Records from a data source
=== Begin Enclosure ===

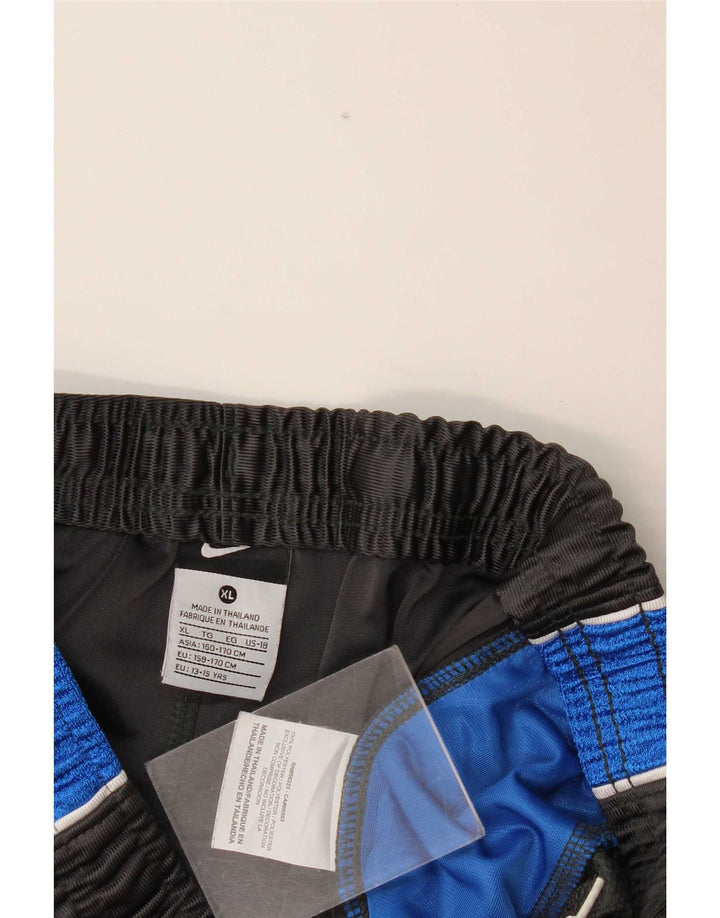 Pantaloni della tuta da ragazzo Nike 13-14 anni XL Poliestere color block nero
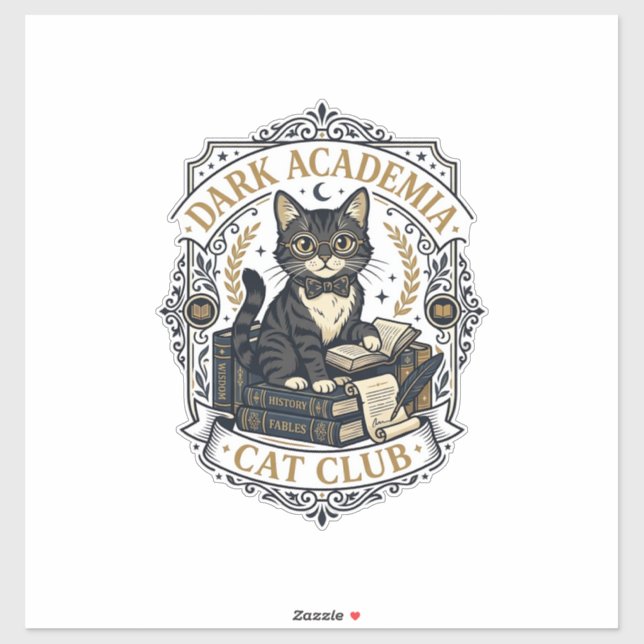 Dark Academia Cat Cat Dad Gift Idea - Dark Academi (Sheet)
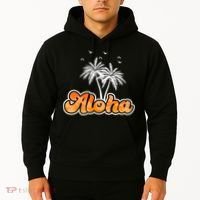 Aloha Palm Trees Hawaii Tropical Hoodie thumb 2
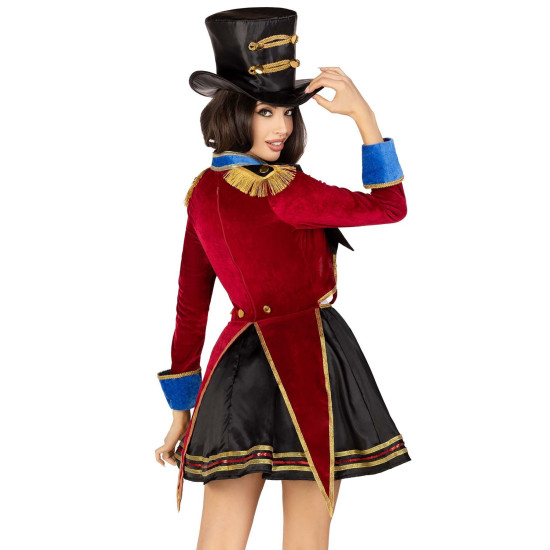 Костюм циркачки (платье и шляпа) Leg Avenue Classic Ringmaster Costume, M
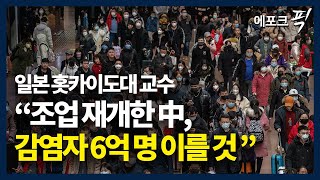 [에포크픽] 일본 홋카이도대 교수 “조업 재개한 中, 인구 40% 가량 감염될 것”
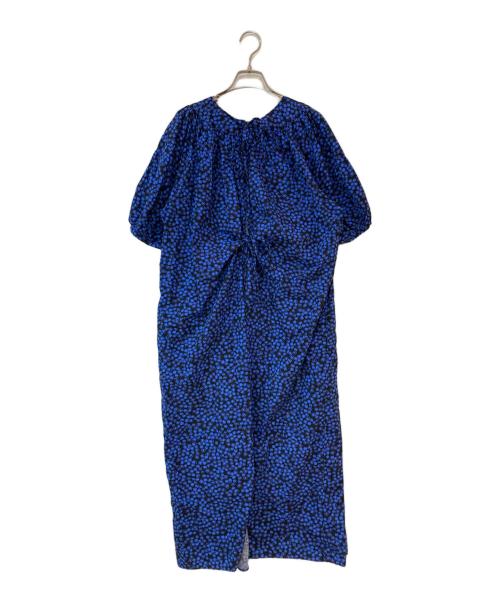 6(ROKU) BEAUTY&YOUTH（ロク ビューティーアンドユース）6(ROKU) BEAUTY&YOUTH (ロク ビューティーアンドユース) DOBBY FLOWER PRINT DRESS ブラック サイズ:36の古着・服飾アイテム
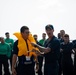 USS Sioux City Sailors Conduct an All-Hands Abandon Ship Training Drill
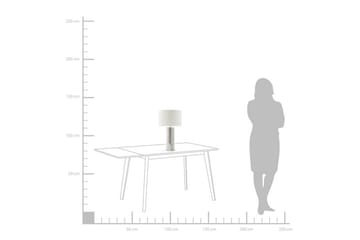 Bordlampe Aiken 30 cm - Hvit - Belysning - Innendørsbelysning & Lamper - Bordlampe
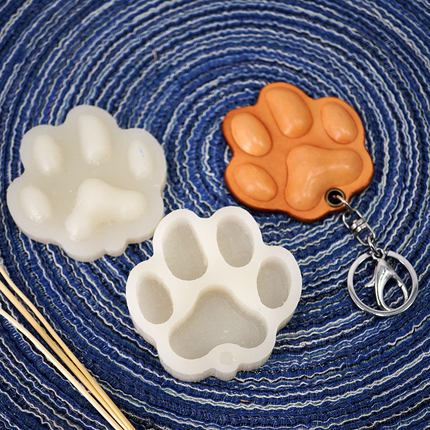 DIY手工皮具皮革植鞣革塑型模具猫爪钥匙扣定型模具狗爪挂件包邮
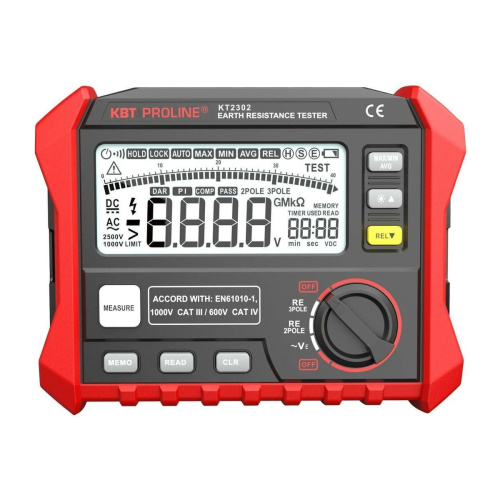 Измеритель сопротивления заземления КВТ KT 2302 Proline (87240) цифровой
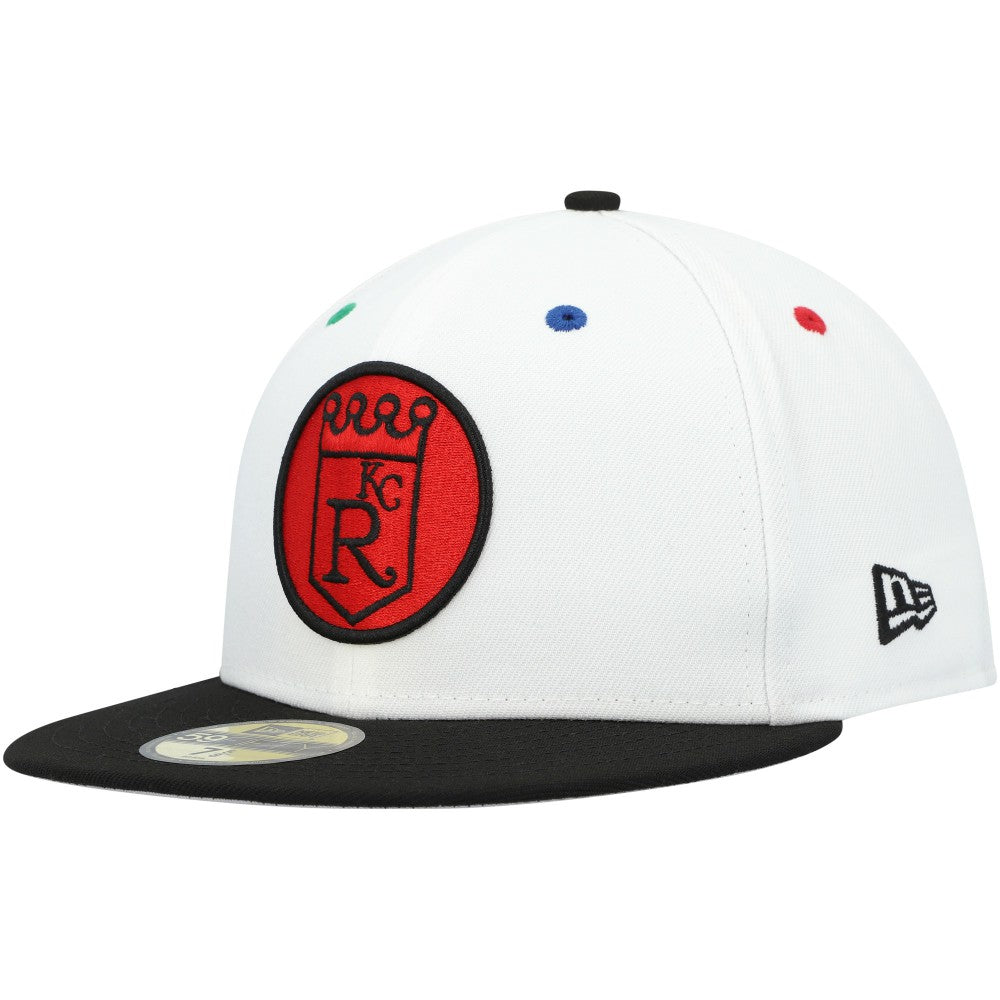 Kansas City Royals New Era  Primary Eye 59FIFTY Fitted Hat - White/Black - New Era on Sale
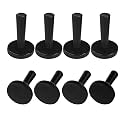 Yourkar 8PCS Vinyl Wrap Magnets for Cars Wrap, Car Wrap Gripper Magnets Holder Tint Tool, Auto Vinyl Wrap Film Gripper Holder for Sign Vinyl, Wrapping, Window Tinting (Black)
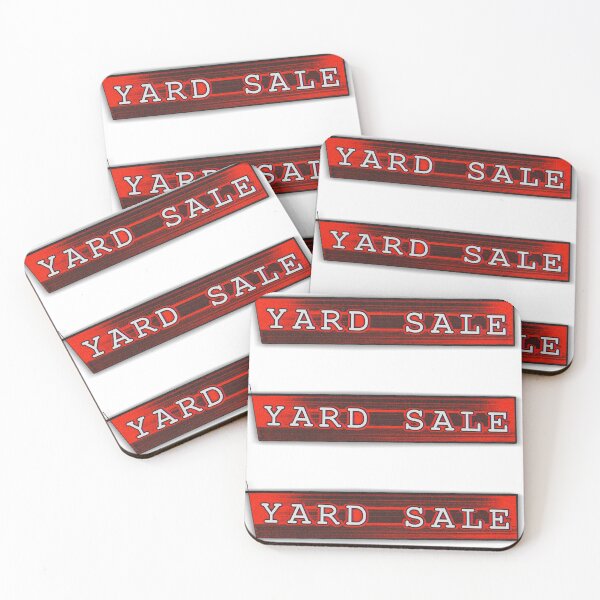 Item preview, Yard Sale: Bold Red and Black Design designed and sold by PLANn.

=== End Enclosure ===

• [EXERCISE DIRECTIONS] Give again exactly the lines from the one holding "Bordlampe Aiken 30" to the final line of the records, both ends included; any pictures stay out.

• [WRITTEN SOLUTION]
 Bordlampe Aiken 30 cm - Hvit - Belysning - Innendørsbelysning & Lamper - Bordlampe
 DIY手工皮具皮革植鞣革塑型模具猫爪钥匙扣定型模具狗爪挂件包邮
 Измеритель сопротивления заземления КВТ KT 2302 Proline (87240) цифровой
 Kansas City Royals New Era  Primary Eye 59FIFTY Fitted Hat - White/Black - New Era on Sale
 Yourkar 8PCS Vinyl Wrap Magnets for Cars Wrap, Car Wrap Gripper Magnets Holder Tint Tool, Auto Vinyl Wrap Film Gripper Holder for Sign Vinyl, Wrapping, Window Tinting (Black)
 Item preview, Yard Sale: Bold Red and Black Design designed and sold by PLANn.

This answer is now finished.